*WORK ORDER*: Output the data in full. Keep every word exact and exclude the pictures.

*SUPPLIED DATA*:
== Segment start ==

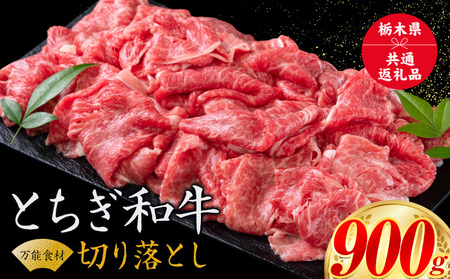 黒毛和牛とちぎ和牛焼肉切り落とし900g《30日以内に出荷予定(土日祝除く)》A4～A5等級霜降り 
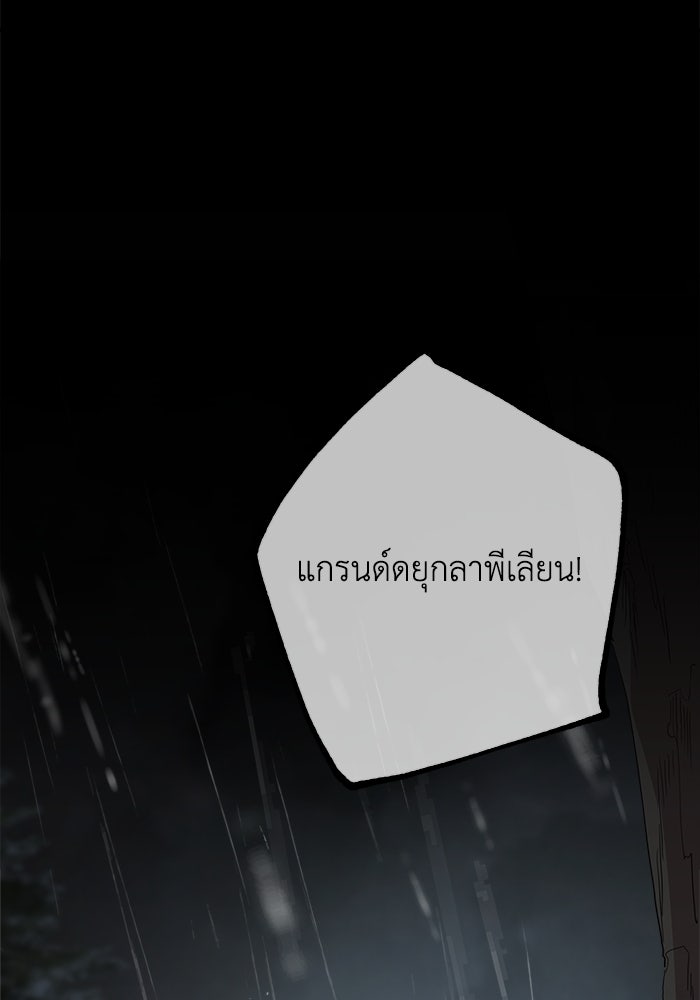 ครอบครัวสามีเห็นทีจะคลั่งรัก - หน้า 73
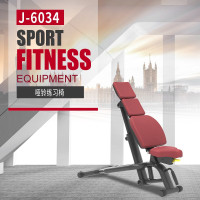 捷瑞特复合训练器健身房运动器械 J-6034 哑铃练习椅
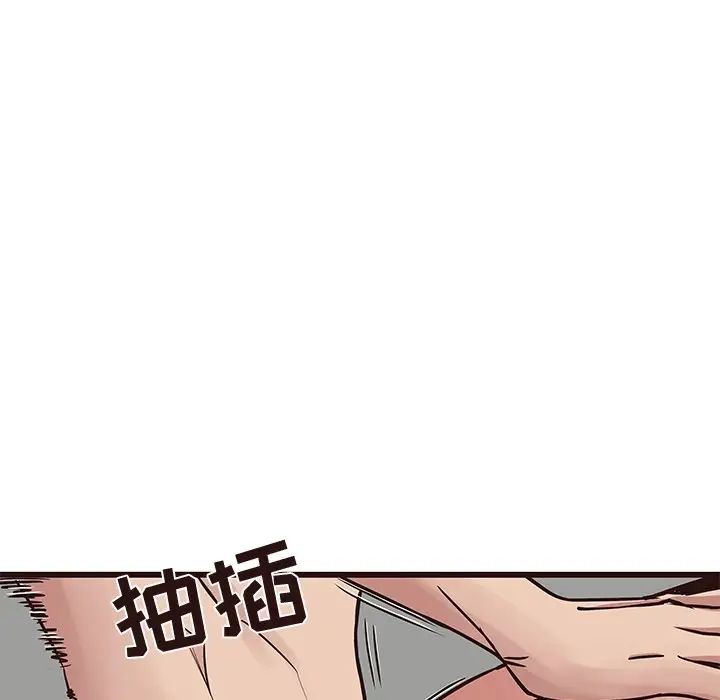 笨蛋哥哥第37话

== Segment end ==

*FINISHED EXERCISE*:
 黒毛和牛とちぎ和牛焼肉切り落とし900g《30日以内に出荷予定(土日祝除く)》A4～A5等級霜降り 
 ครอบครัวสามีเห็นทีจะคลั่งรัก - หน้า 73
 捷瑞特复合训练器健身房运动器械 J-6034 哑铃练习椅
 笨蛋哥哥第37话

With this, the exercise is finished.